One day in the mid-1930s, a self-educated Texan, Herbert Southworth, arrived in Washington and found himself a job in the Library of Congress. In the evenings, he studied and made himself a socialist. When the Spanish Civil War broke out, Mr Southworth worked for the Republic. He later joined the United States Information Services and, in that capacity, went to Morocco with the American amphibious expedition in 1943. In Morocco, he married a French lawyer, and ran the radio services of USIS. Subsequently, after the war, he became the general manager of Radio Tangier and in the end owned it. He was bought out by the independent Moroccan government in 1960.
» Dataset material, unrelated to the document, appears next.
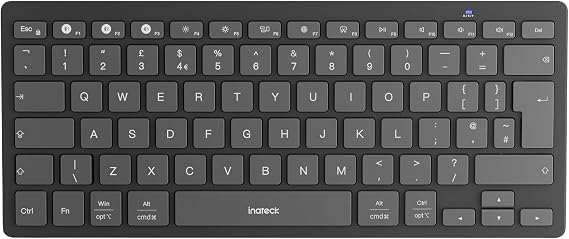 Inateck Bluetooth Keyboard for 3 Multi-Device, Ergonomic Design | Compatible with iPad/Windows/Android/iOS,Oversized Keycaps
All the time, his hostility towards the regime of General Franco simmered, though for many years his only overt action was the founding of a formidable collection of books about the Spanish Civil War. Retiring from Morocco with a reasonable fortune at his disposal, he eventually bought a handsome chateau in the Indre. There, in the serenity of an immense library, he worked methodically to undermine the intellectual position of those who had helped, as he puts it, " the possessor classes in Spain, landowners, factory owners, bankers to keep their possessions ".

His first book, The Myth of Franco's Crusade, published in French and Spanish a little over ten years ago, established Mr Southworth as a formidable polemicist. An attack on the intellectual respectability of Rafael Calvo Serer, a leading journalist of the lay Catholic movement Opus Dei, this first sally never found an English publisher. Nor, understandably perhaps, did his second book, Antifalange, a commentary on an apologia for the old shirts of the Spanish fascist movement by Maximiano Garcia Venero. But these two books made Mr Southworth well known in the narrow circle of foreign hispanists; and also in the much larger one of exiled and other opponents of Franco's regime. Down to the chateau on the Indre trooped a succession of scholars and bibliophils. The hooting owls, old oaks and crumbling farm buildings formed an inappropriate backcloth to the polemical discussions and the minute textual analysis which characterized Mr Southworth's method. The library was sold a few years ago to the University of San Diego, but by now the intrepid Texan has another vast collection on the same theme.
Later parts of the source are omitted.